Joseph M. and Peter J. (2003) [4], have considered African droughts and dust transport to the Caribbean, so they found that, because of the great sensitivity of dust emission to climate, future changes in climate could result in large changes in emissions from African and other arid regions that, in turn, could lead to impacts on climate over large areas.

In the last few decades numerical models have been designed to reproduce the dust cycle allowing us to estimate the influence of mineral dust on the climate system [5]. Dust models are also required for short to medium range air quality forecast applications. To this end, several models have been developed with some of them providing daily forecast products, e.g. the Dust Regional Atmospheric Model (DREAM) [6], the SKIRON model [7], CHIMERE-Dust model [8], the Navy Aerosol Analysis and Prediction System (NAAPS) [9], the JMAMASINGAR dust model [10], or the ECMWF-IFS [11]. The DREAM model was further re-fined and tested in the last years. The updated version BSCDREAM8b [12- 17] is operated.

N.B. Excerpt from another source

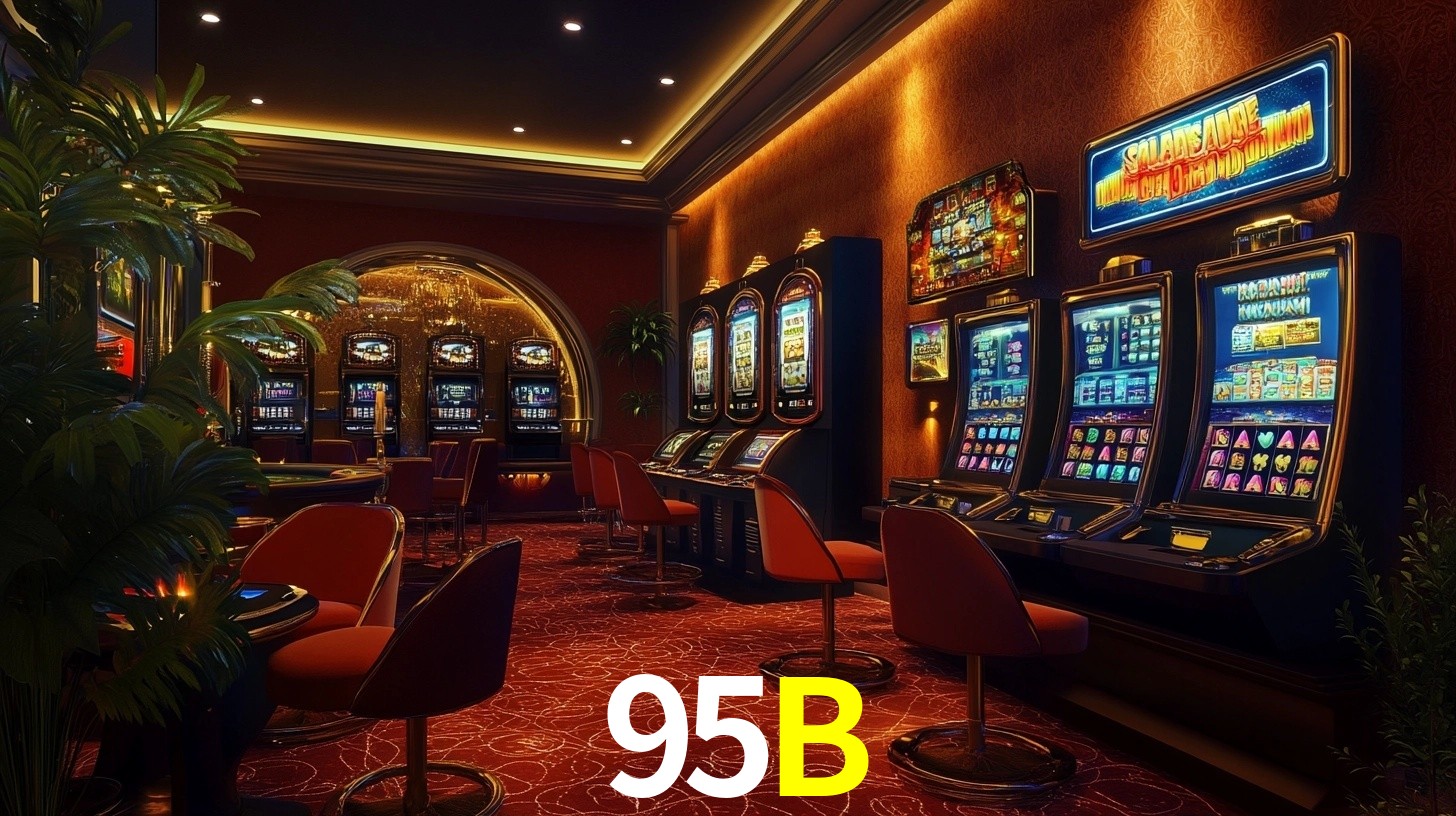 Welcome Bonus 95B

K. Haustein et al. (2012) [5] have developed a research on atmospheric dust modeling from meso to global scales with the online NMMB/BSC-Dust model—

Part 2: Experimental campaigns in Northern Africa. The new NMMB/BSC-Dust model is intended to provide short to medium-range weather and dust forecasts from regional to global scales.

In the recent years a lot of studies have been developed in Iran on the frequency of dust storm events (from statistical point of view) and the consideration of synoptic meteorological patterns which are leading to the dust storms. However we had not yet operated a reliable forecasting model of dust storms in Iran with a capability to demonstrate the dust source areas. Through this investigation we will present the derived outputs from WRF/ CHEM and HYSPLIT models which are considered a basic step to high resolution dust forecasting, recognizing of dust sources, dust storm trajectory and dust concentration rate. Meantime by using of the visibility datasets from the selected stations we illustrated the long term variability of the dust in monthly and yearly scales. The satellite images of 22-26 June 2010 have been taken into consideration to comparing of the derived out puts from the applied models.

1.1. WRF/CHEM Model

The Weather Research and Forecasting (WRF) model is a next generation meteorological model being developed collaboratively among several agencies (NOAA/ NCEP, NOAA/ESRL, NCAR). WRF-Chem is a version of WRF that also simultaneously simulates the emission, turbulent mixing, transport, transformation, and fate of trace gases and aerosols. The WRF Atmospheric Chemistry Working Group is guiding the development of WRF-Chem. The main objectives of WRF/CHEM model are as following:

1) Integrate WRF-Chem simulations and a wide range of field campaign measurements to develop a better understanding of local and regional-scale evolution of particulates and aerosol radiative forcing that are sub-grid scale processes for global climate models;

2) Employ the modeling framework of WRF-Chem to develop new treatments of aerosol processes for global climate models;

3) Perform process studies investigating aerosol aging, aerosol-cloud interactions, and aerosol radiative forcing;

4) Explore the feasibility of using a version of WRFChem as a regional climate model.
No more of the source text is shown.